Promoting Sustainability in the Colombian maritime industry

With a prominent presence in the Bay of Cartagena, Colombia, the Cartagena Port Group is a leader in Colombian foreign trade and global connectivity. 

The Group boasts annual revenues of $350 million dollars from the three terminals in the Bay of Cartagena and has established an ecosystem that allows shipping lines, importers, and exporters to connect with over 840 ports in 150 countries. These efforts have earned Cartagena recognition as the best-connected port in Latin America and the Caribbean, according to the Port Connectivity Index.

But not everything is about profit. Steer spoke with Silvana Giaimo, Director of Corporate Affairs, to learn how the Cartagena Port Group is addressing social, environmental, and governance challenges while promoting responsible development in the region. 

Silvana’s roots in the maritime industry run deep thanks to her grandfather’s captaincy in first the Italian Navy and later the Grancolombiana Merchant Fleet. This connection has led the director, who has a background and education in urban planning, environmental management and sustainable development, into a role as an intermittent advisor at Cartagena prior to her decade-long run in her current role. 

The Cartagena Port Group drives Colombian foreign trade and global connectivity, promoting regional and national socio-economic development. According to Silvana, Colombia is of strategic importance, with coasts on the Caribbean Sea and the Pacific Ocean. However, while vital for the regional economy, Silvana identifies several challenges in port operations that need to be addressed to mitigate environmental and social impacts, including energy efficiency, marine ecosystem protection and climate change adaptation.

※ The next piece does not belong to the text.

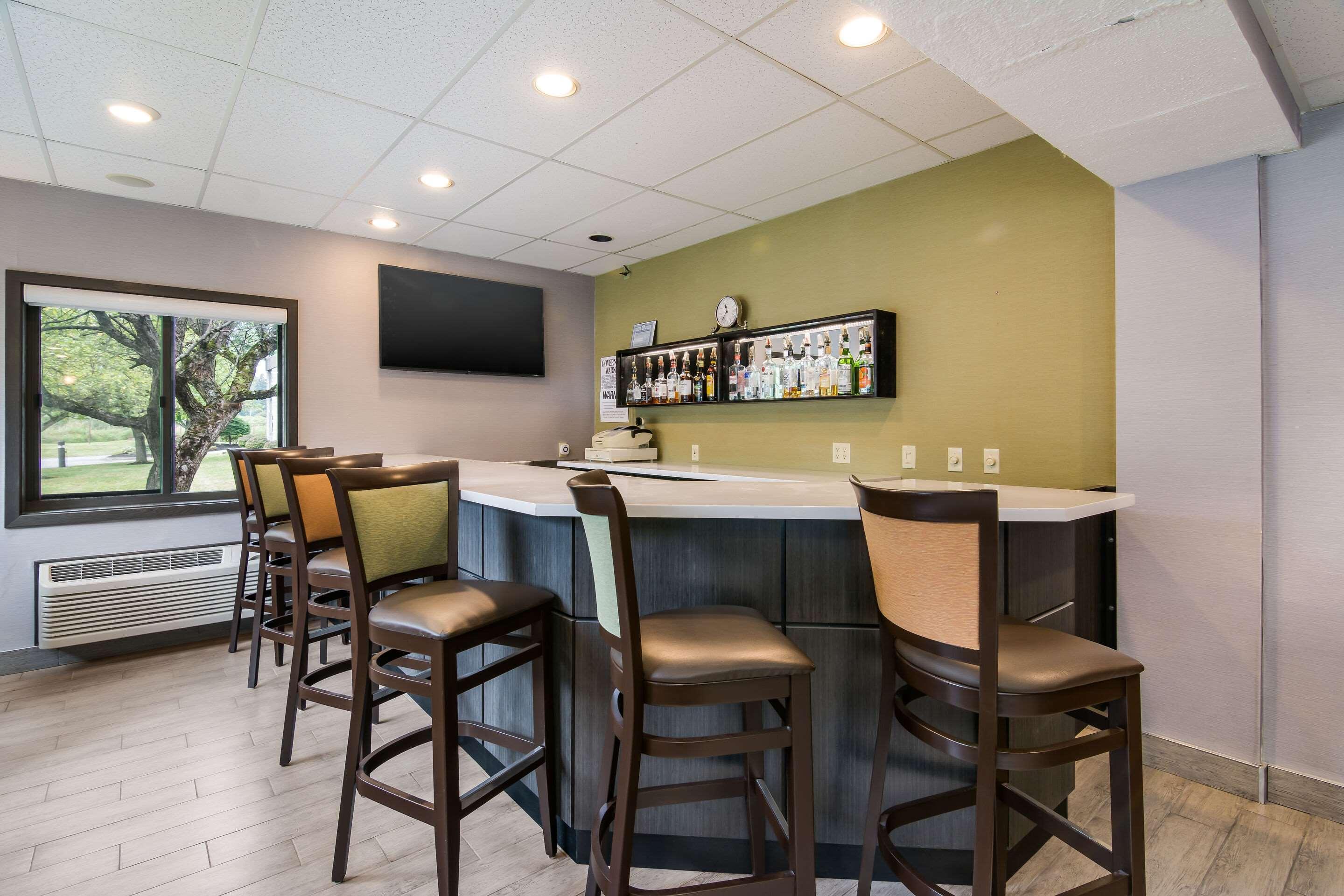 Clarion Pointe Jamestown - Falconer Екстер'єр фото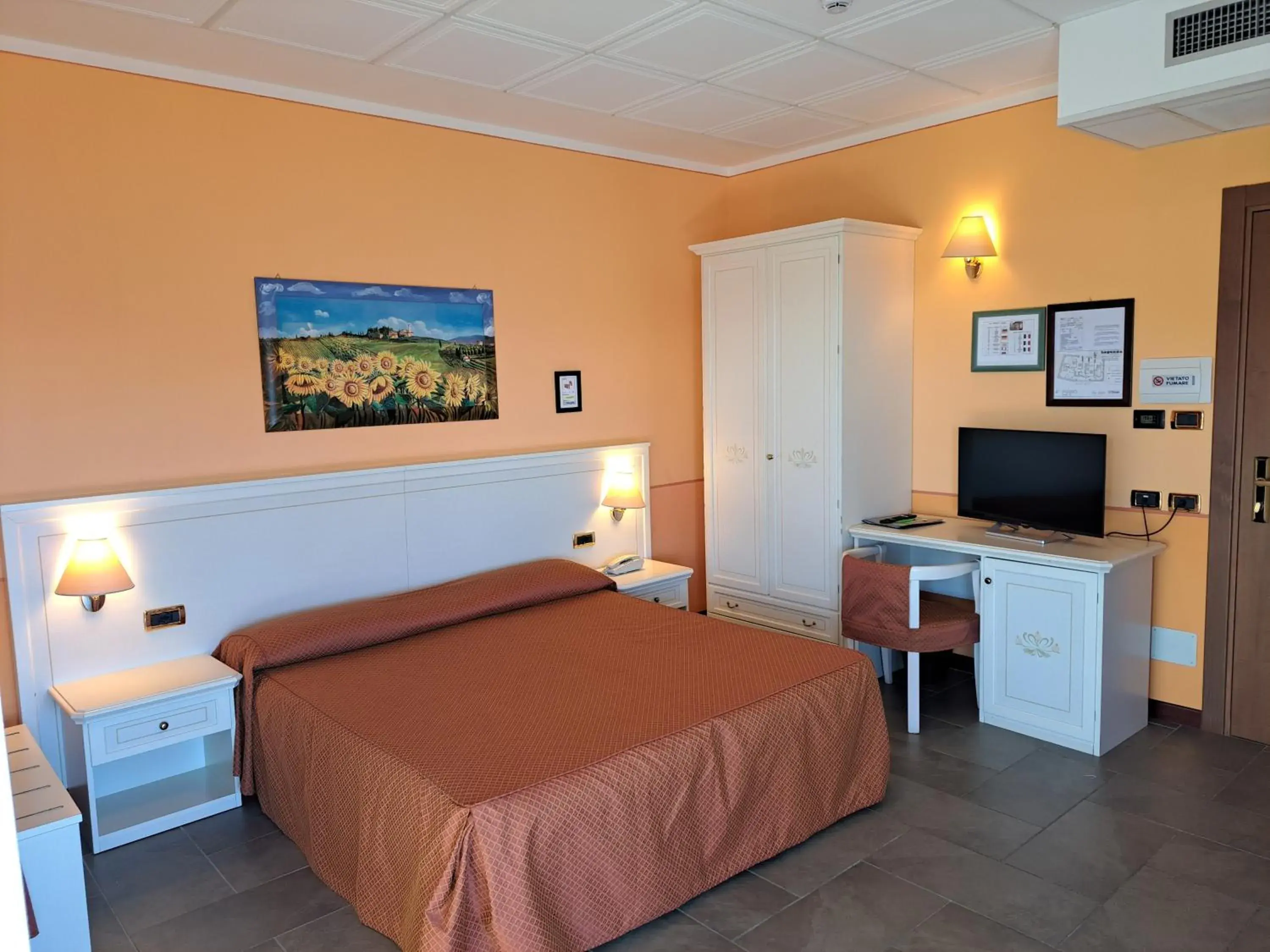 Superior Double or Twin Room with Lake View in Hotel Azalea Superior Double or Twin Room with Lake View in Hotel Azalea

Silvana believes that implementing an environmental, social, and governance (ESG) vision at the port is essential. The Cartagena port positions itself as a global hub for trade and, as such, must maintain its competitiveness by complying with international standards; to maintain relationships, especially those with established European ports and other leaders in ESG, it’s essential to meet stringent environmental and social regulations. ESG is a state of mind not only for the present but also for the future. In order to stay ahead of the trend, which is increasingly towards mindfulness of climate change and sustainability, it is essential for Cartagena to keep an eye on emerging regulations and maintain its edge in the global market.

Converting diesel cranes to electric, implementing LED lighting, and generating solar energy have all already contributed to significantly reducing the port’s CO2 emissions and improving its operational efficiency. These sustainability investments benefit not only the environment and the community but also represent significant economic gains in the long term through the ability to recover investments through energy savings.

Cartagena’s ESG vision is not all plain sailing, however. One of the main challenges is ensuring that public service energy providers can guarantee a reliable energy supply, especially for port operations that require high power and capacity and when handling sensitive products such as refrigerated containers containing food.

Likewise, building and maintaining trust with local communities residing in port environments is essential for ESG success. Although significant efforts have been made through corporate social responsibility initiatives such as the Cartagena Port Foundation, the challenge remains to establish strong and mutually beneficial relationships with these communities. Good governance will involve building a shared vision of sustainability that involves not only the port organization but also the entire port community and external stakeholders.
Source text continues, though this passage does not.